I regularly use photopolymer sheet to make my own textures for using with metal clay. it is available in a number of thicknesses and also with either a plastic or metal backing. I have a slight preference for the metal backed version although it is easy to cut the plastic backed version yourself with scissors and the plastic backed version is also flexible.
To make your own you need a UV light source, photopolymer sheets, line drawings printed onto transparent sheet a small clip frame i.e.. glass, backing and a bit of white card and some metal spring clips, a soft nail brush (you can buy a specialist sponge for washing the plates). Check that it fits inside the light box before you start.
I begin by printing two copies of my line drawings onto overhead projector sheet and then very carefully tape the two layers together to make a double thickness transparency with quite dense lines. Make sure you line the layers up really carefully.
Unwrap your piece of light sensitive photopolymer sheet and remove the thin protective layer (wrap any unused sheet back up in black plastic straight away). Place the transparency onto the photopolymer sheet and put it on a small sheet of white card on top of the back board of a clip frame. Place the glass on top and clip the layers together so they are held firmly against each other. Remember that the black areas and lines are the areas that are washed away and if you are using text you will want the finished plate to have the text in reverse.

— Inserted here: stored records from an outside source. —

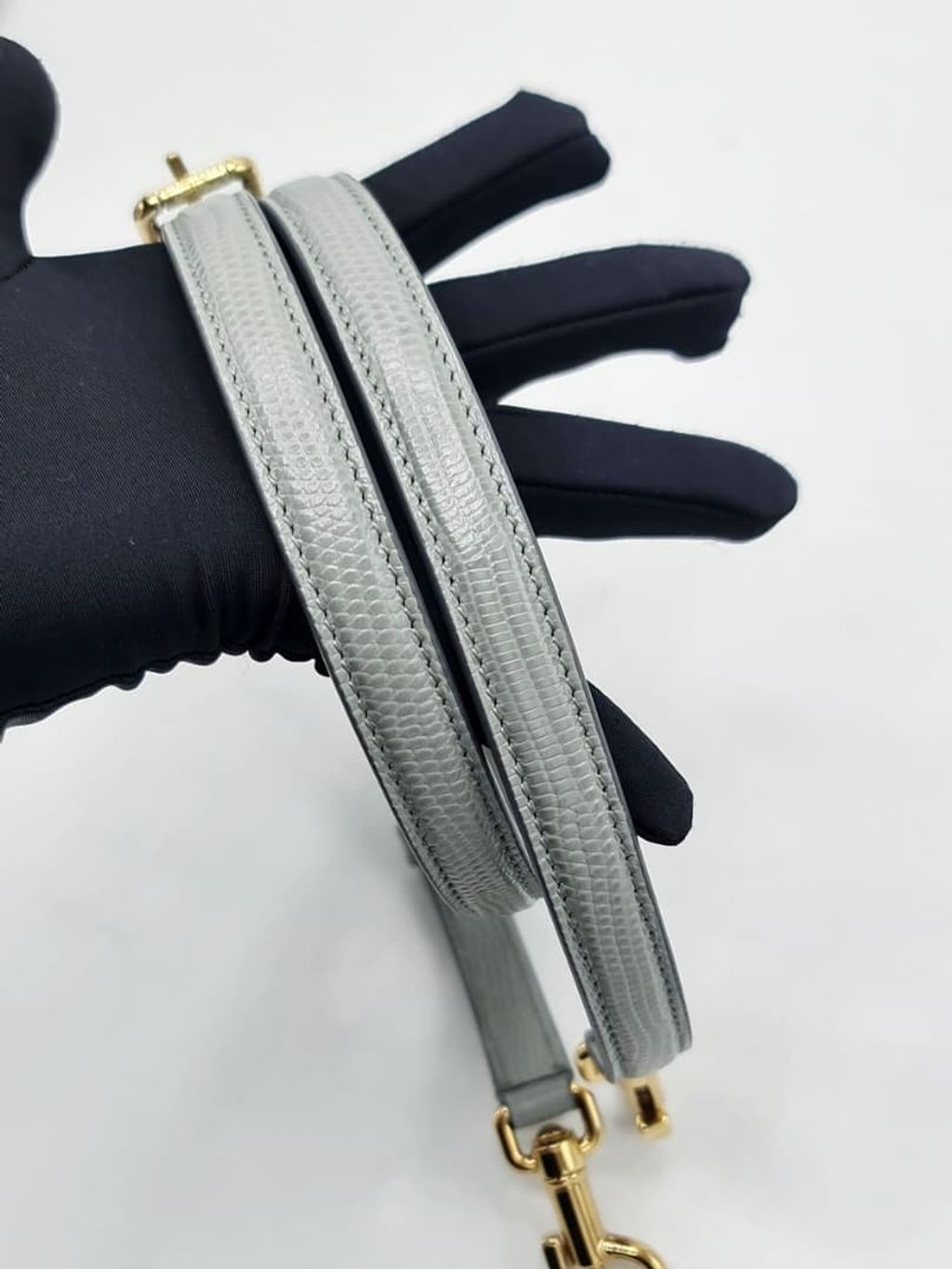 4c15f055-6d10-4f29-a0e5-6b062550c0f9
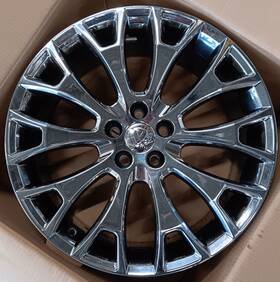 638320067 Vogue Vt383 Chrome 20x8.5 Inch Wheel 5x114.3/5x4.5 40mm Os Used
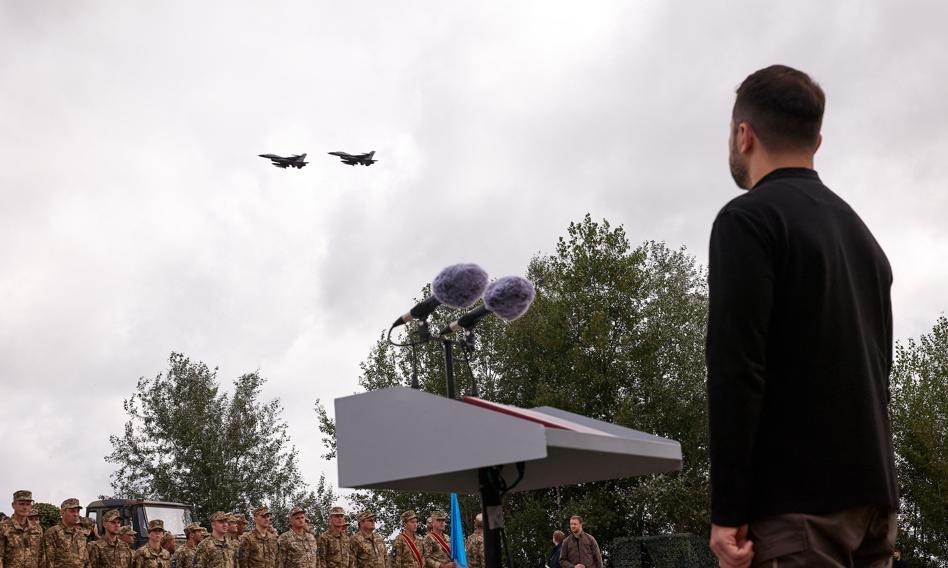 Oekraïne verliest opnieuw een F-16-gevechtsvliegtuig tijdens het afslaan van een Russische aanval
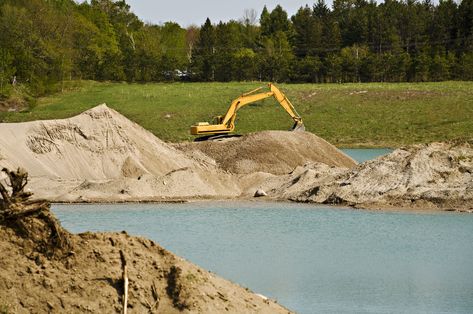 How To Build A Pond Step By Step, Making A Pond How To Build, How To Make A Pond, Nature Knowledge, Digging A Pond, Pond Build, Pond Building, Build A Pond, Beautiful Pond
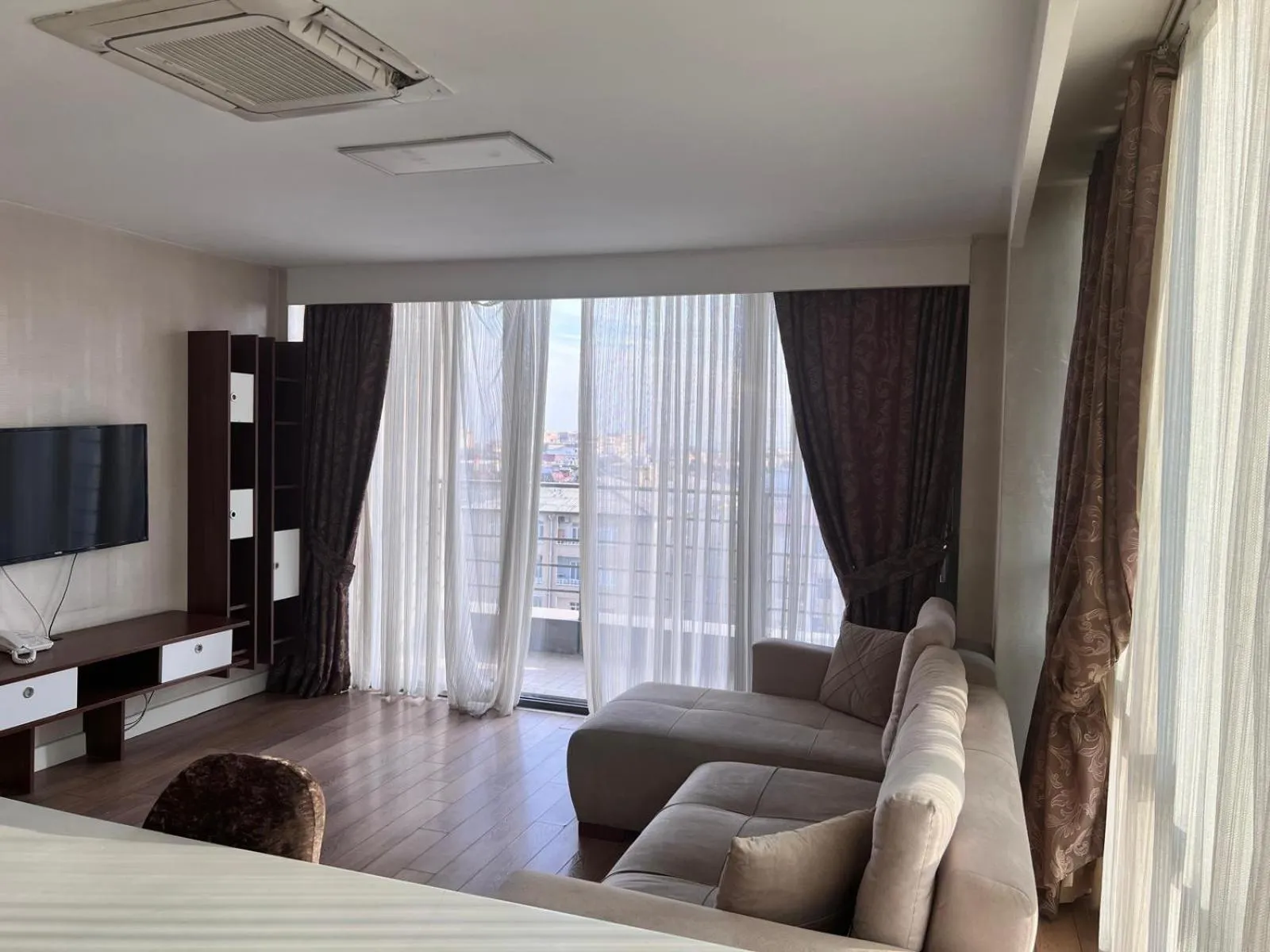 Living room in Liv Suit Hotel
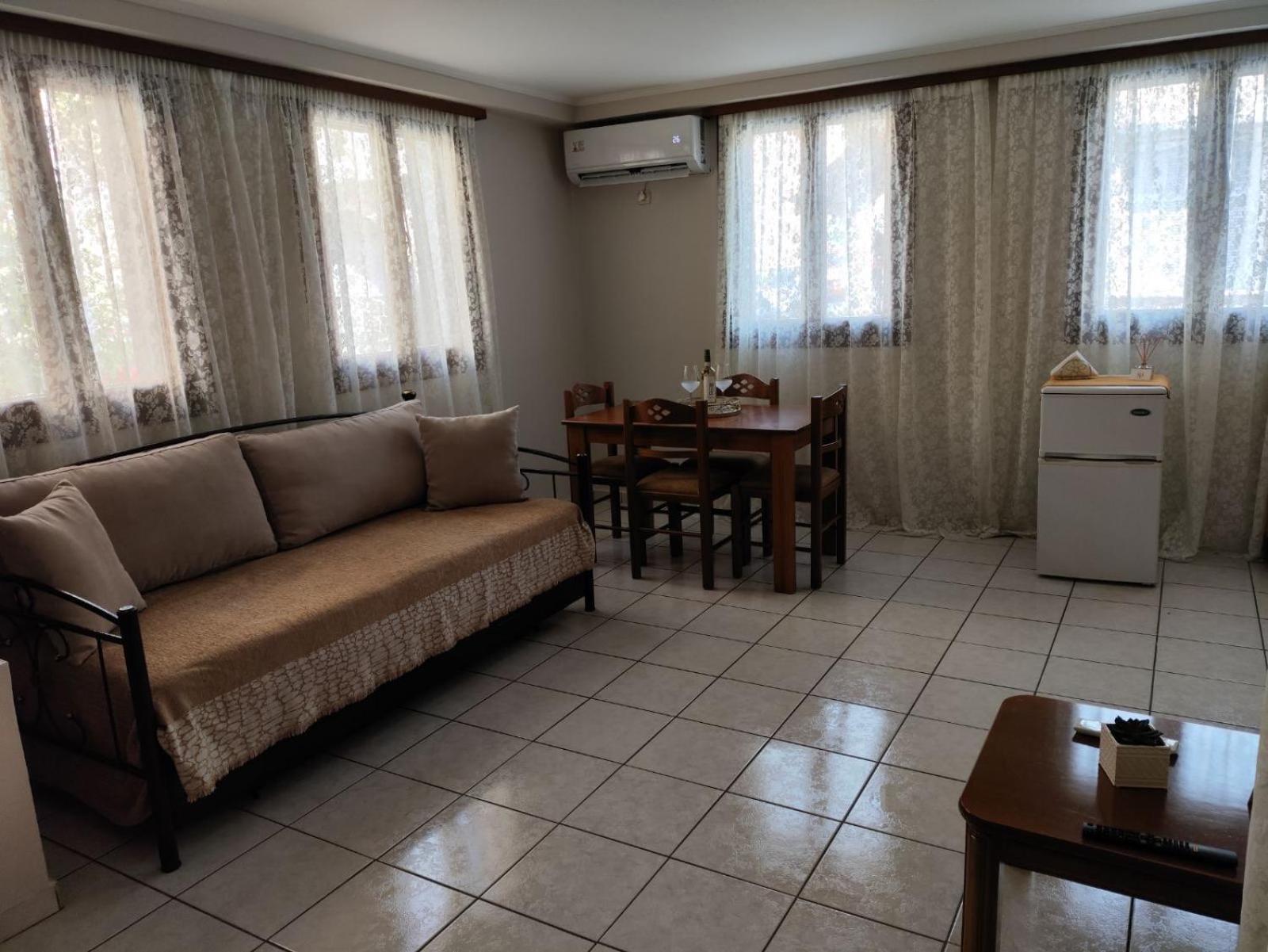 Οι Φωλίτσες Apartment Nafpaktos Exterior photo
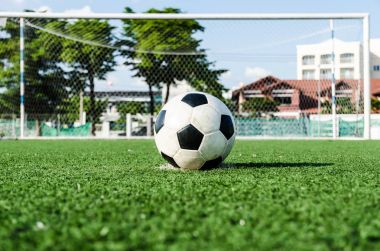 Futbol futbol futbol sahası yeşil çimenlerin üzerinde.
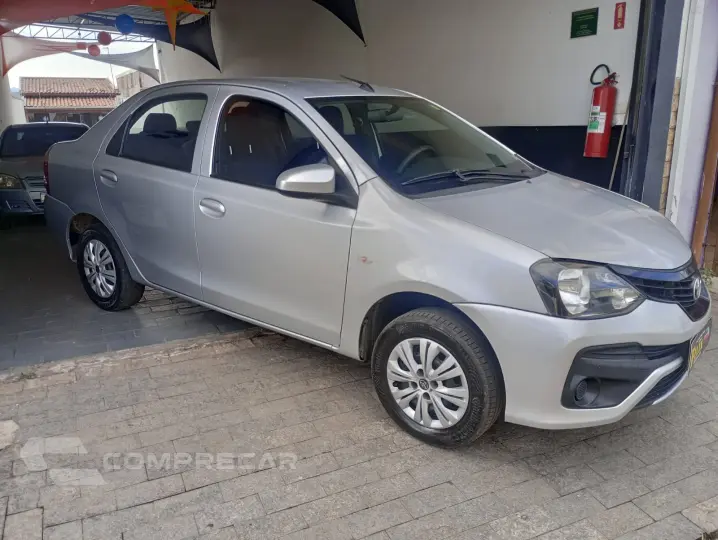 ETIOS 1.5 X Sedan 16V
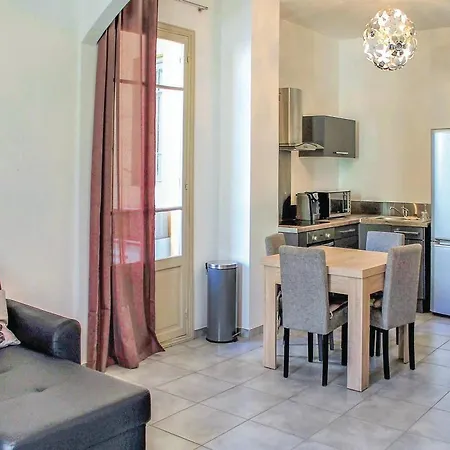 Two-bedroom In Ajaccio Appartement *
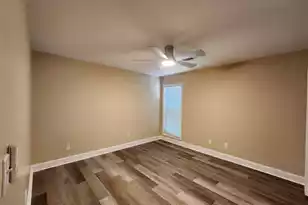 733 Woodland Pointe Pl, Mount Pleasant, SC 29464 - Photo 18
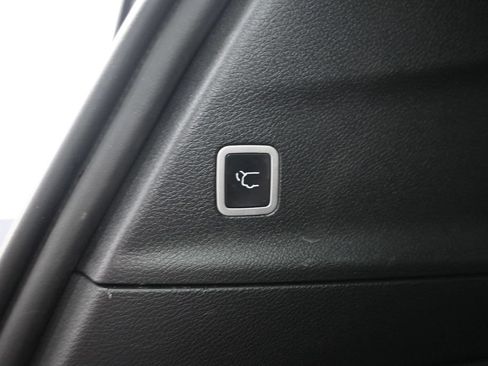 Used 2022 Chrysler Pacifica Touring-L w/ Uconnect Theater Family Group FWD image 14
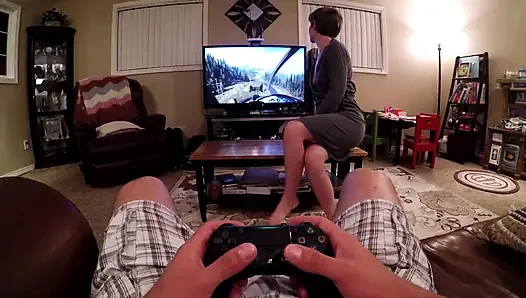 Ps4 oynarken yarağını emiyor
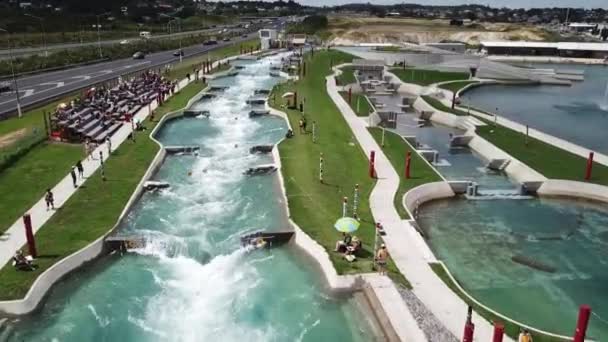 Aerial Flying Whitewater River Crowd Vector Wero Whitewater Park Auckland — Stock Video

Place it in the UV box and switch on – you may want to do a test piece first by covering most of the sandwich with a card and drawing it out a little every five seconds, so that you have even segments of your test piece with different exposures. Then when you wash, dry and finish the plate you will know the best exposure time for your set up. I know that mine works best with an exposure around 25 seconds. Set a timer so that you know you are making consistent exposures.
Do NOT look into the UV light – I simply stuck my camera into the opening without looking so you could see what the box looks like inside. Mine is a UV nail box but you can purchase a professional version if you really like using this technique.
Once the exposure has been completed take the photopolymer sheet out of the stack and wash it gently in hot water. I use a very soft natural bristle nail brush but you can get a special sponge from most photopolymer suppliers. Be careful not to over wash your plate at this stage. It will be tacky so dry it thoroughly either with a hair dryer or in a dehydrator. You can wash it right down to the backing plate but I generally prefer not to.
Then re-expose your plate in the UV light box without the glass this time. I usually give mine a minute. This sets the areas that weren’t exposed the first time.
Here is my finished plate together with the negative and original drawing.
Remember to lightly brush olive oil or release agent over your sheet before each use and I keep them wrapped in acid free lightly oiled tissue paper in a box when not being used. If clay does accidentally stuck into your plate you can give the plate a gentle wash and dry to clean it up. I hope you enjoy creating your own unique texture plates – they can of course be used for printmaking too!